It’s ten years now since Tony Soprano first waddled onto small screens around the world. In the decade since we’ve seen something of a revolution in the way that television shows are made and watched, with programmes like The Wire, Mad Men and Six Feet Under representing a new, smarter kind of television drama. Here in the UK, DVD box sets of HBO shows are phenomenally popular, in a way that could barely have been imagined fifteen years ago.

The HBO revolution is generally seen as having been a good thing for television, encouraging good writing, experimentation and ‘dumbing-up’ in what can be a pretty dumbed-down medium.

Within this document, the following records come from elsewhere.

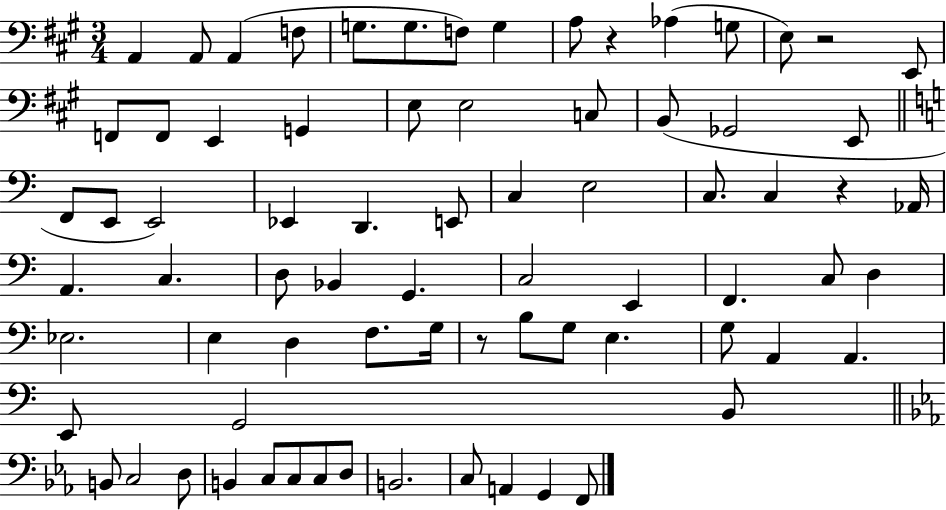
{
  \clef bass
  \numericTimeSignature
  \time 3/4
  \key a \major
  a,4 a,8 a,4( f8 | g8. g8. f8) g4 | a8 r4 aes4( g8 | e8) r2 e,8 | \break f,8 f,8 e,4 g,4 | e8 e2 c8 | b,8( ges,2 e,8 | \bar "||" \break \key c \major f,8 e,8 e,2) | ees,4 d,4. e,8 | c4 e2 | c8. c4 r4 aes,16 | \break a,4. c4. | d8 bes,4 g,4. | c2 e,4 | f,4. c8 d4 | \break ees2. | e4 d4 f8. g16 | r8 b8 g8 e4. | g8 a,4 a,4. | \break e,8 g,2 b,8 | \bar "||" \break \key ees \major b,8 c2 d8 | b,4 c8 c8 c8 d8 | b,2. | c8 a,4 g,4 f,8 | \break \bar "|."
}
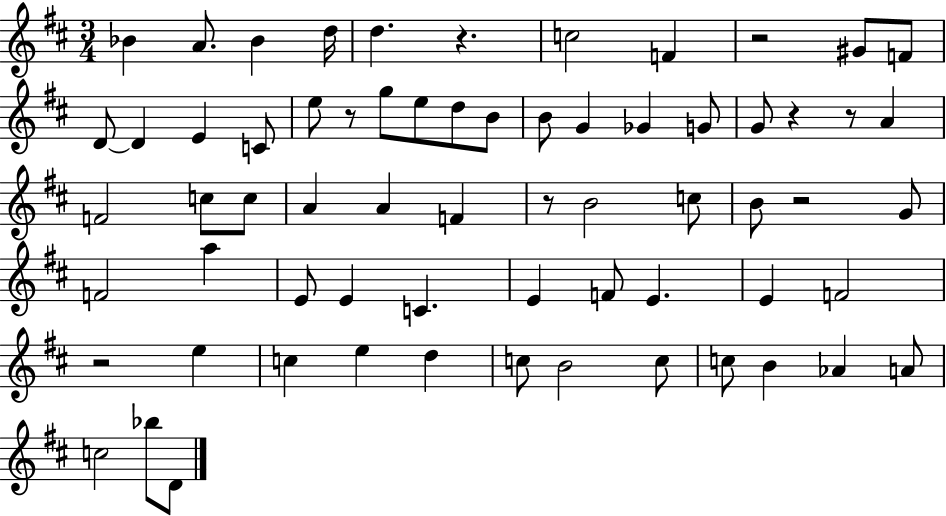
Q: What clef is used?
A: treble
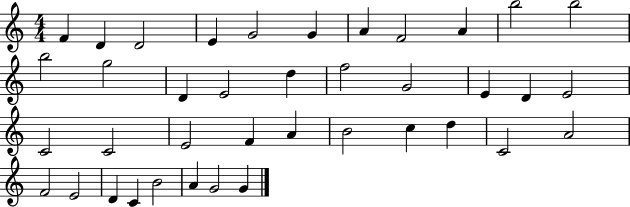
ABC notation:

X:1
T:Untitled
M:4/4
L:1/4
K:C
F D D2 E G2 G A F2 A b2 b2 b2 g2 D E2 d f2 G2 E D E2 C2 C2 E2 F A B2 c d C2 A2 F2 E2 D C B2 A G2 G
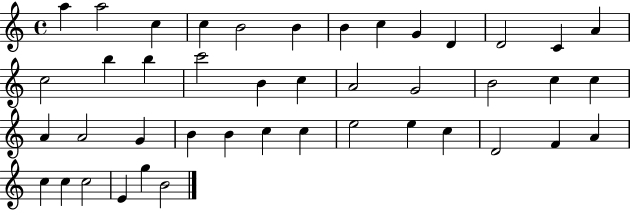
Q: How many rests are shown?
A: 0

What’s less often explored is the impact that HBO has had on cinema. On the face of it, things don’t look good. There’s a widespread feeling among people of my generation that the cable channel has beaten cinema at its own game. Having stolen cinema’s clothes by incorporating cinematic techniques into small-screen storytelling, it has proceeded to create narratives of a length and complexity that cinema simply can’t rival. Most films have two or, at a push, three hours to tell a story. HBO dramas have at least ten, spread out across a season. You only have to dip into Mad Men to see how much pleasure its writers take in delaying, deferring and waylaying the kind of narrative developments that in a two hour film would have to come thick and fast every ten minutes.